Be careful what boxes are checked.

Try deleting from your download location or where you put it after it was dowloaded and unzipped or extracted.

I think you may have other issues at work.


----------



## trog69 (Jun 19, 2011)

Thanks for the suggestions, jsfitz54. I tried CCleaner, which I needed to run anyway, but it didn't find/delete cpu-z. I went back to the installation link, and installed again, and that's part of the problem.

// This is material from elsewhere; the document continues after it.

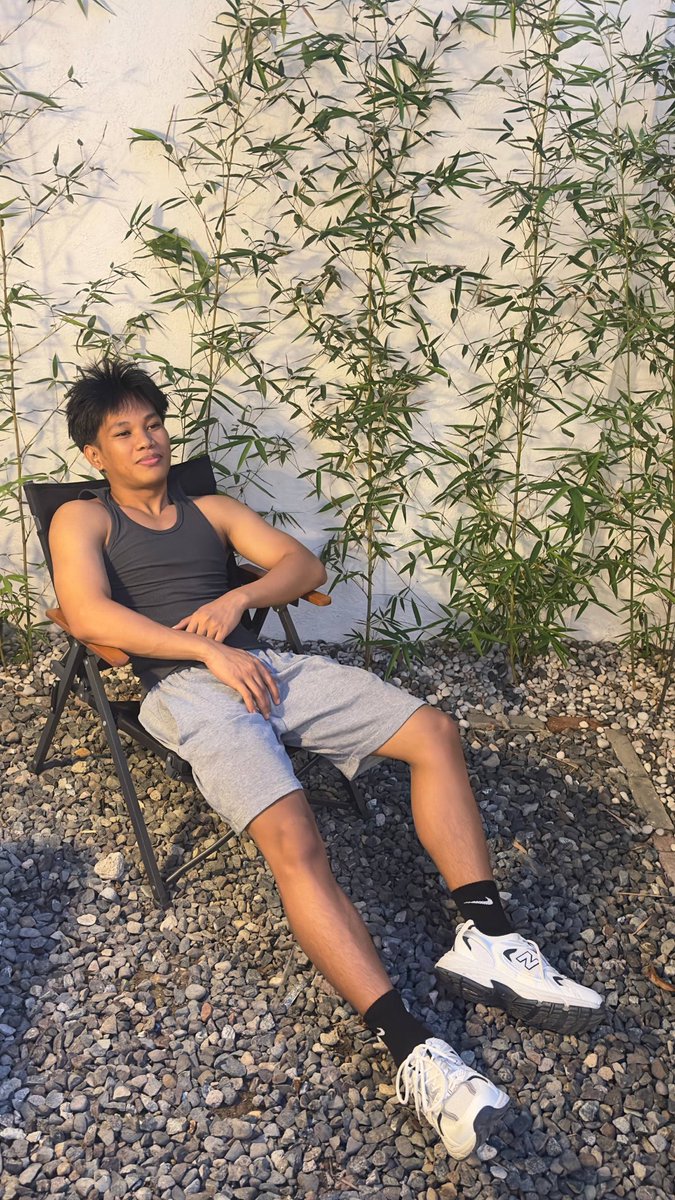 LehamTrevor's tweet photo. 🍃😮‍💨 https://t.co/FCdYWILzCw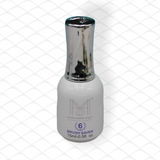 MMH Brush saver No.6 15ml - Marta Matilda Harper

It just loads up and starts running; there's no point where it asks where to install, it just starts running automatically.

i7-960/Sapphire HD6950-2gb/Win7/6gb-DDR3-1333 ram/


----------



## trog69 (Jun 19, 2011)

*Here's the validation from cpu-z if it will help*

http://www.techpowerup.com/gpuz/8kvay/


----------



## jsfitz54 (Jun 19, 2011)

Try version CPU-Z 1.57, basically over install.  it SHOULD show up in "Programs and Features"

You mean GPU-Z? Right?

Try going to Administative Tools/system configuration/statup (tab)... and unchecking the box(s) that runs GPU-Z on startup, then save, then reboot.  You can also stop other processes/ applications that you don't need to run at startup.

Could Norton have put it in Quarentine?

Delete those files you downloaded and unpackaged.


----------



## trog69 (Jun 19, 2011)

*Sorry, yes the gpu-z*

Believe me, I've been all over my system, and this program is not there, except of course I have it minimized in my tray right now, after rebooting. As I said, it's not seen in any start up programs, even Norton doesn't show it. I've never seen anything like this. But, as I said, it doesn't have any files "downloaded and unpackaged". THere's the installation file from the gpu-z link mirror, and when you click it, it automatically starts the program. That's it. It doesn't seem to load anything anywhere, but it has to; I just don't know how to find it.


----------



## jsfitz54 (Jun 19, 2011)

Delete the installation files.
Does anything show up in task manager.
For me to run it, I need to run intall, every time and I get a prompt "do you want to install".  There is no start automatically.

It sounds like you should back up your data and do a fresh install of Windows7.
Needle in the haystack.
Make sure you are using the newest bios for your motherboard.
I'm stummped too. It doesn't work that way for me.

You could try CPUID HWMonitor v1.17 and see if installing that overwrites some code. (long shot)
CPUID HWMonitor and CPU-Z both show up in add / remove software list.

You don't have logging enabled on the sensor tab, do you?

*When you have the program open and you right click mouse in the header you get the option to start with Windows...did you enable this feature?  There is a list of options.*


----------



## 95Viper (Jun 19, 2011)

I thought W1zzard helped get his fixed for him, in this thread?


----------



## trog69 (Jun 19, 2011)

Yes, I have it figgered out, now, with W1zzard's and other's help. Sorry, I forgot I'd posted this here. 

Thanks to evabuddy for their time and suggestions. As I stated at the other thread, I'm sure I'll be back with even more inane problems. hehe


----------



## trog69 (Jun 19, 2011)

to jsfitz54, the problem seems to have been that I needed to shut down, rather than just restart the system for the "load at start up" to be disabled. That was one thing that made me crazy, in that 1) I'd never enabled that and B) even with it not checked it still loaded at startup. Anyway, it's gone now, and I'll see if I might need to re-install my OS before re-installing gpu-z. 

I'll be the first to admit that it's a great little program, my experience notwithstanding.


----------